Some more optional steps:

  • The design can be configured using /config/core_conf.tcl file. Obviously, it has to be rebuilt when parameters are changed.
  • In order to use the queues, there are several ndp-* testing tools that can be used for that:
    • ndp-generate for using the TX queues
    • ndp-read for using the RX queues
    • ndp-loopback using RX and TX queues in the FPGA -> Host -> FPGA loopback
    • ndp-loopback-hw using RX and TX queues in the Host -> FPGA -> Host loopback (It has to be ensured that the data will be looped in the FPGA firmware back towards the host. The data need to remain unchanged.).
  • Look in the sw/ folder for a usefull programs to use to interact with the design and the guid of how to build your custom communication tool.

Project documentation

This guide provides the documentation of various parts of this project:

  1. Supported accelerator cards
  2. Development software
  3. Cloning the necessary repositories
  4. Configuration of the design
  5. Building a design for the accelerator card
  6. Programming of the FPGA
  7. Software stack for interaction between a card and a host
  8. FPGA firmware description

Supported platforms

Currently, only two accelerator cards are supported:

Development software

The design has been built using AMD Vivado 2022.2 which should be adhered to to build the card's design effortlessly without the need to regenare IP files.

Cloning the repositories

This repository contains one submodule that need to be cloned in order to have a complete stack:

git clone [email protected]:walliv/dma-calypte-demo.git 
cd dma-calypte-demo 
git submodule update --init src/ofm

The OFM (Open FPGA Modules) submodule contains open-source VHDL components developed by CESNET. This submodule also contains an elaborated build system to compose FPGA designs from various VHDL files in modular fashion with a great degree of variability and configurability. The documentation of various components within the OFM repository as well as a thorough description of the features of the build system can be found on the repository page. This demonstration project utilizes the provided build system as well as many components that are provided in the OFM repository. The following section describes how the VHDL design and the build system can be configured.

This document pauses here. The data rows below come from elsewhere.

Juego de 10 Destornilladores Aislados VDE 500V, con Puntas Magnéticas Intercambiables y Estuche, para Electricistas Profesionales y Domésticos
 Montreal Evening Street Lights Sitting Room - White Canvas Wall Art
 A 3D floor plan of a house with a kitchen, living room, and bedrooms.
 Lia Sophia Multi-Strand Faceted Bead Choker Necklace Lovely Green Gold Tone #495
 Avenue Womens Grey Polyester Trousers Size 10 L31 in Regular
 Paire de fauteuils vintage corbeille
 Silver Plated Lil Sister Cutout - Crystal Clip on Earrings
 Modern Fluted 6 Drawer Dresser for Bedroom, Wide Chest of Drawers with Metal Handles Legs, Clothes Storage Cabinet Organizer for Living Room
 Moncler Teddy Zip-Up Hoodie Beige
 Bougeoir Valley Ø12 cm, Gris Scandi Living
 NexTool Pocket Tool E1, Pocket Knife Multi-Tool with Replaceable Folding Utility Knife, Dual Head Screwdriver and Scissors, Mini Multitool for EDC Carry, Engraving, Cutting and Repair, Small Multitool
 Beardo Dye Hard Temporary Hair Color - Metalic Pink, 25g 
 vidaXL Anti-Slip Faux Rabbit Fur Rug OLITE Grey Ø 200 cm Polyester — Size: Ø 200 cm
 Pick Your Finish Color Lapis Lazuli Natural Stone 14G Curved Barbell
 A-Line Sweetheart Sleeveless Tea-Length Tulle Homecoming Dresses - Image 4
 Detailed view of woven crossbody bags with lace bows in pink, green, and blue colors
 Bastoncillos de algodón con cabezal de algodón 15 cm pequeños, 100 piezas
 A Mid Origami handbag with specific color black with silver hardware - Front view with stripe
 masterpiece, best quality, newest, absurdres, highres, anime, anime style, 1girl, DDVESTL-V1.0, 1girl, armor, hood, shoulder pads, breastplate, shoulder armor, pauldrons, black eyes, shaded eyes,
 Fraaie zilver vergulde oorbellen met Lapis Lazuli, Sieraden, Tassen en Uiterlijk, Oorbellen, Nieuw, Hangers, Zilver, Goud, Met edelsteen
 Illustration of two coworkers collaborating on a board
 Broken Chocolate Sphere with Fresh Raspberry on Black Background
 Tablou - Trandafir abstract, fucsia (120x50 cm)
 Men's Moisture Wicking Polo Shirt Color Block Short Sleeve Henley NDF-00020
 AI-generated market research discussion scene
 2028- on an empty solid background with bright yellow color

Configuration of the design

The stock design provides default setting of the FPGA firmware parameters. The parameters can be found in either Makefiles or TCL scripts in the following locations:

/
|---config/
|   |
|   |---Vivado.inc.tcl
|   |---bootstrap.tcl
|   |---core_conf.tcl
|
|---cards/
    |
    |---cards.mk 
    |---<card_name>/
        |
        |---build/
            |
            |---Makefile
            |---Vivado.tcl

The way these files are sourced is depicted in the following figure:

Sourcing of configuration files

Order of sourcing of the configuration files

/cards/<card_name>/build/Makefile

This is the top most file in the design that gets called first to request a build of the FPGA firmware. A different speed configurations regarding packet throughput are specified here.

/cards/card.mk

This file is sourced by the top Makefile to initialize necessary paths for the design build. For path description, see next section.

/cards/<card_name>/build/Vivado.tcl

This is the main script called by both tclsh and by Vivado. It sets the build parameters, like synthesis/implementation directives for each step, type of the FPGA chip, top-module name and adding to the hierarchy of components with its physical constrains as well.

/config/bootstrap.tcl

This script is sourced in the beginning of the previous script and it takes care of intializing all necessary paths for the TCL shell and also source configuration files for the VHDL design together with subprocedures that are checking if the set parameters are in allowed ranges (files /cards/<card_name>/card_param_check.tcl and /config/core_param_check.tcl).

/config/Vivado.inc.tcl

Being sourced on the end of the previous script, this collects card-independent parameters (common parameters for all designs) and passes them to the COMPONENT hierarchy and to the generated VHDL package. This package called combo_user_const (in the file called /cards/<card_name>/build/*.netcope_tmp/netcope_const.vhd) is generated dynamically in the first steps of the build process every time make command gets called.

/config/core_conf.tcl

This file is a main configuration file for the user of the platform. It contains TCL variables that manipulate the sources of the VHDL design as well as the VHDL code itself. Some of these parameters (for example the amount of DMA channels) get propagated to the combo_user_const package.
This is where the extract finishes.